▶ _Instructions to follow_
Reproduce the records exactly through the line with "NEW SAMSUNG Z".

▶ _Information shown_
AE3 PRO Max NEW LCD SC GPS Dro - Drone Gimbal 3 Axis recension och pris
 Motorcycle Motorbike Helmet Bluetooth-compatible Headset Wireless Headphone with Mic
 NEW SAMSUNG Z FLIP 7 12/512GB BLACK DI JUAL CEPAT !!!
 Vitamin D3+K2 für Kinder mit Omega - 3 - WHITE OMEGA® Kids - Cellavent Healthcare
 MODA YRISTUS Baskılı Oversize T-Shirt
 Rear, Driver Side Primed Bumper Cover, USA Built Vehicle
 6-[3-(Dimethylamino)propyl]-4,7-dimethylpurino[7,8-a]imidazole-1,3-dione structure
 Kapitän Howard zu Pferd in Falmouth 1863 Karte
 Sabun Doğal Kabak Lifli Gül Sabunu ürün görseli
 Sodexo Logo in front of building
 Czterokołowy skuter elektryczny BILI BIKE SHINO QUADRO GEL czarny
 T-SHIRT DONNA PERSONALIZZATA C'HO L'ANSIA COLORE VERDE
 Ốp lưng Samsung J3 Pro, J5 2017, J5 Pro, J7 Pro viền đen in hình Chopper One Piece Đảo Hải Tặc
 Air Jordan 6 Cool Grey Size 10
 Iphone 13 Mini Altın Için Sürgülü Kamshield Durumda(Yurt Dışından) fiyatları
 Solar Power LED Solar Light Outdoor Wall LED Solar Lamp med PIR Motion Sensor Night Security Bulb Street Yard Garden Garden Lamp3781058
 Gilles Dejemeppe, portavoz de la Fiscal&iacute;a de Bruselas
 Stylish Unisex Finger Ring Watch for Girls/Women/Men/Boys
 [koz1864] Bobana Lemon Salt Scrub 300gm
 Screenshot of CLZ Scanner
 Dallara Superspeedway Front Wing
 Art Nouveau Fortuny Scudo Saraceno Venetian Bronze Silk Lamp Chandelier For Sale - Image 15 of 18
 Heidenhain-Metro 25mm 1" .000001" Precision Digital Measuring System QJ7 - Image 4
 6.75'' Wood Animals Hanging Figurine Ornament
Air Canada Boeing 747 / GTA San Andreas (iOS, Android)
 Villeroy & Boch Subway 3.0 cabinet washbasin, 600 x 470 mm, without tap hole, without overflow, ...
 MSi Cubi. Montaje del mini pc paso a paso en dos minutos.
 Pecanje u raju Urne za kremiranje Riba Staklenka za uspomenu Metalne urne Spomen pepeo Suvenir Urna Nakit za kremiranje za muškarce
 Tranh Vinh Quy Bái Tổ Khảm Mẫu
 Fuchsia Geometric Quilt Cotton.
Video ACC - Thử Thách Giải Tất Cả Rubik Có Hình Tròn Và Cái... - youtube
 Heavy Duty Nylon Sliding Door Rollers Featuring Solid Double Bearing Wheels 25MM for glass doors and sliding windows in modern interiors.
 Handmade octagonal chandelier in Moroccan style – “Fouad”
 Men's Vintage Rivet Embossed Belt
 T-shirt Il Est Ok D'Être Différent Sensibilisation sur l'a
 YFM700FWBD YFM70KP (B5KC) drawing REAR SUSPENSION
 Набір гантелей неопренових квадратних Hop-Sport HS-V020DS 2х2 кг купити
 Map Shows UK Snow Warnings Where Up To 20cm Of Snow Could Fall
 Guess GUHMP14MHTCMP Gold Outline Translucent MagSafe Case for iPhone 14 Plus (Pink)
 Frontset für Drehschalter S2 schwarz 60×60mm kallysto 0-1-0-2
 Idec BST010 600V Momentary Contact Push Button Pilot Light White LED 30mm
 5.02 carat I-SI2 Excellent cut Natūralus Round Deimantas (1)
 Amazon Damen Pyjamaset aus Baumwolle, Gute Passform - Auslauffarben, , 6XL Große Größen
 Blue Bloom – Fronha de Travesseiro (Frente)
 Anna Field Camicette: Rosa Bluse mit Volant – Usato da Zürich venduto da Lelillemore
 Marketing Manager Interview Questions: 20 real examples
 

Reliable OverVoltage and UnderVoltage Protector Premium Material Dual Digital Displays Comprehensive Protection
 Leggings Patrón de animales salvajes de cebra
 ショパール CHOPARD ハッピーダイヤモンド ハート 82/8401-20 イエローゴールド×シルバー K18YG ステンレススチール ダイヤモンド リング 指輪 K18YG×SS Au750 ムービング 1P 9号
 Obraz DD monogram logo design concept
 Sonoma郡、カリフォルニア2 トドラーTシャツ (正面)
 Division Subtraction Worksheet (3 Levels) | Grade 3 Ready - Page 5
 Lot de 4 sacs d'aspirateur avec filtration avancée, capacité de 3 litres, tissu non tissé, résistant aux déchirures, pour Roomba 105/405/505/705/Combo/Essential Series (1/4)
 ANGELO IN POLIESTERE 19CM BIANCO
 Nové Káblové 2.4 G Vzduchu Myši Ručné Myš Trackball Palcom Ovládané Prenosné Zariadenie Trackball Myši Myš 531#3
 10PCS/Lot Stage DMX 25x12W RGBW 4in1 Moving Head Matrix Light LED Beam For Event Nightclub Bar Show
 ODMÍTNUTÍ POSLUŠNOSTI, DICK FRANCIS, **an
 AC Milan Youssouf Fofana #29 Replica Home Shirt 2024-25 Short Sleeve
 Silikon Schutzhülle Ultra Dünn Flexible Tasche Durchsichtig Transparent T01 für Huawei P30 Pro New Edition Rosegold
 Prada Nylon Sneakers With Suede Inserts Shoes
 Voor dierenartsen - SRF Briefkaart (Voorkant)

▶ _Solution below_
AE3 PRO Max NEW LCD SC GPS Dro - Drone Gimbal 3 Axis recension och pris
 Motorcycle Motorbike Helmet Bluetooth-compatible Headset Wireless Headphone with Mic
 NEW SAMSUNG Z FLIP 7 12/512GB BLACK DI JUAL CEPAT !!!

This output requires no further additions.